> _Dataset records_
⁂
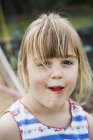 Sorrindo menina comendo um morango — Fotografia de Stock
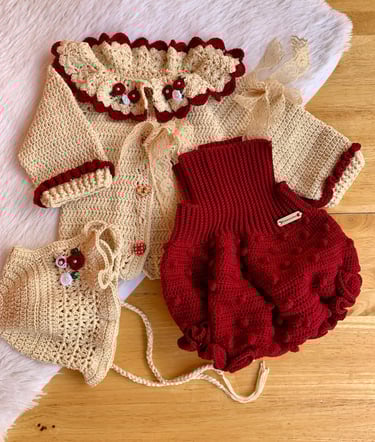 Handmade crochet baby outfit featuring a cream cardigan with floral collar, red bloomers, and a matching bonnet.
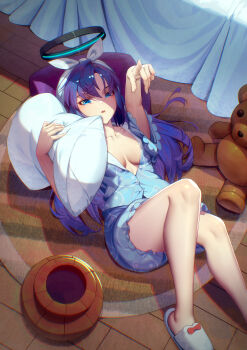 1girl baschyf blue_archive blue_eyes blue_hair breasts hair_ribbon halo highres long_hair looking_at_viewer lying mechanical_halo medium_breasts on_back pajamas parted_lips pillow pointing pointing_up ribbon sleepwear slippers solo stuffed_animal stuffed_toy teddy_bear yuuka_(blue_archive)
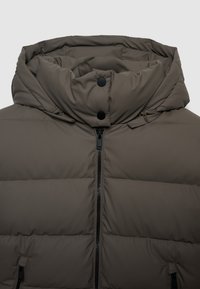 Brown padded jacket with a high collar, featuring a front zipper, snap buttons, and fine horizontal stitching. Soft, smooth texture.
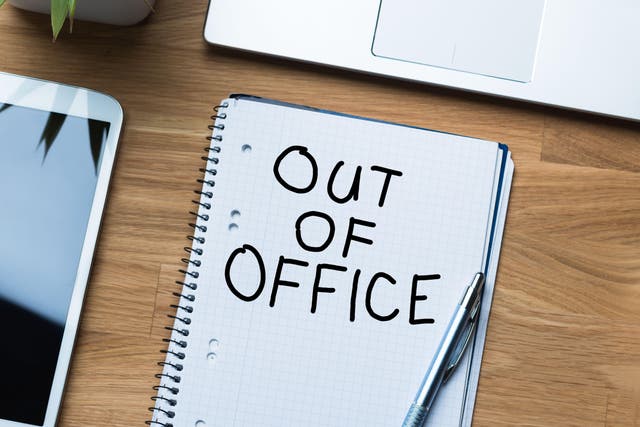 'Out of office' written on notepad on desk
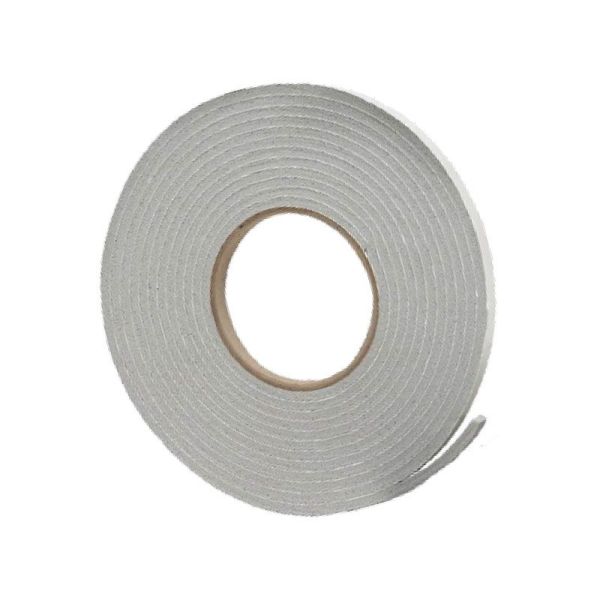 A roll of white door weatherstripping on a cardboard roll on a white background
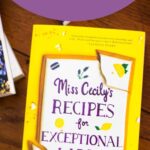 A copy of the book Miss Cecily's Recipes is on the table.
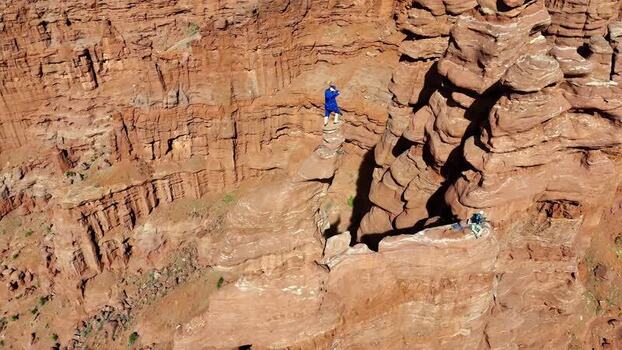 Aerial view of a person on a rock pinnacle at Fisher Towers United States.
⁂
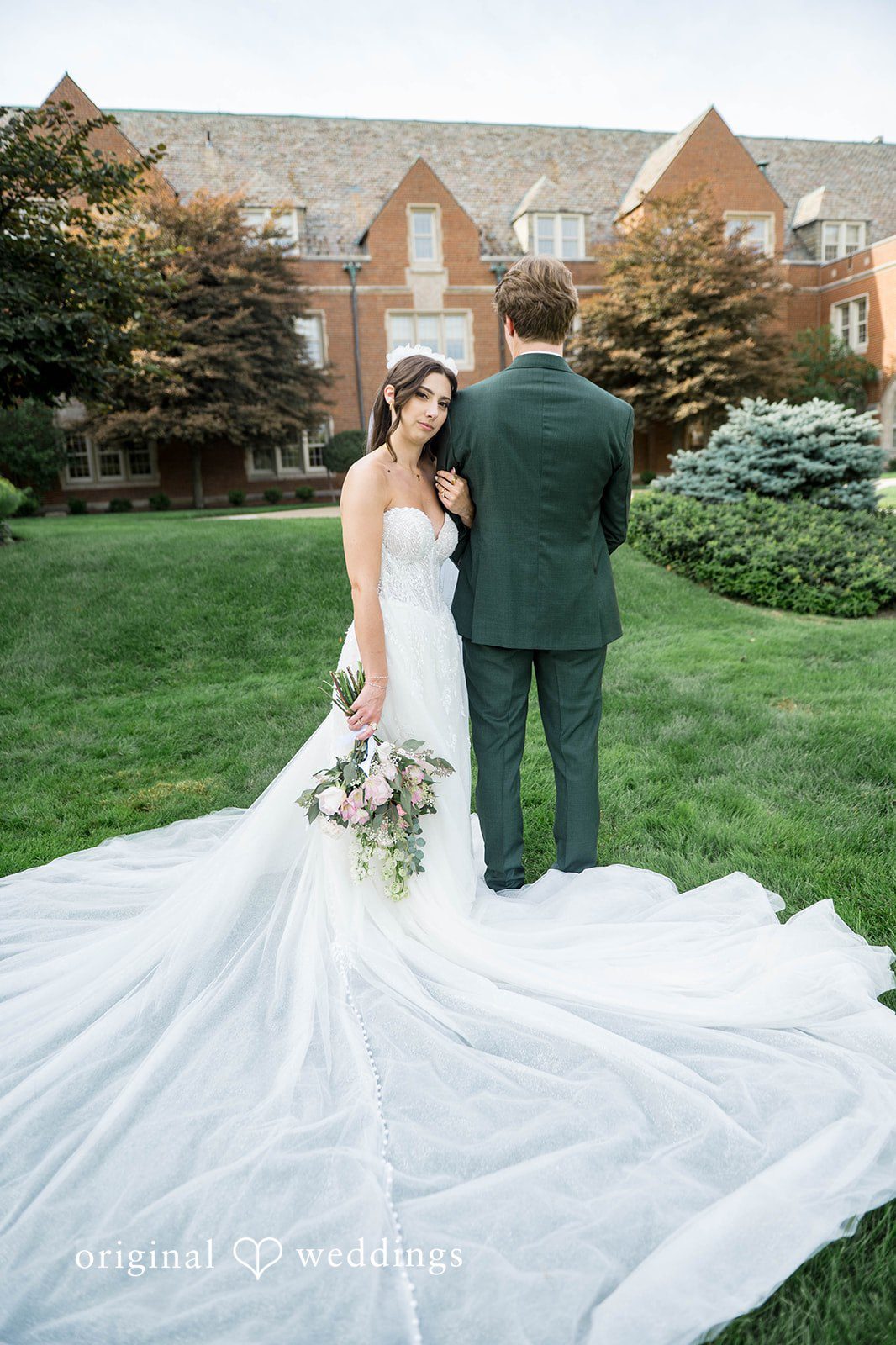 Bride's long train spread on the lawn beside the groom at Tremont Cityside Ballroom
⁂
> _Problem_
In the listing above, find the line with "Handmade crochet baby" and the line with "notepad on desk". Copy exactly those two and every line between, without the pictures.

> _Final answer_
 Handmade crochet baby outfit featuring a cream cardigan with floral collar, red bloomers, and a matching bonnet.
 1girl baschyf blue_archive blue_eyes blue_hair breasts hair_ribbon halo highres long_hair looking_at_viewer lying mechanical_halo medium_breasts on_back pajamas parted_lips pillow pointing pointing_up ribbon sleepwear slippers solo stuffed_animal stuffed_toy teddy_bear yuuka_(blue_archive)
 Brown padded jacket with a high collar, featuring a front zipper, snap buttons, and fine horizontal stitching. Soft, smooth texture.
 'Out of office' written on notepad on desk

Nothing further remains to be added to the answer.